### TASK OBJECTIVE
This exercise calls for the line with "Toner Asta Samsung", the line with "Apartment Julija, Opatija, Croatia", and all lines between them in the material below, output exactly and with no other lines.

### DATA FOR THIS TASK
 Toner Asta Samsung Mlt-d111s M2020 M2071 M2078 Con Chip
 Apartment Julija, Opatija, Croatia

* * *

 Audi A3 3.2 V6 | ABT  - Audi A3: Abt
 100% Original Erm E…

### EXERCISE ANSWER
 Toner Asta Samsung Mlt-d111s M2020 M2071 M2078 Con Chip
 Apartment Julija, Opatija, Croatia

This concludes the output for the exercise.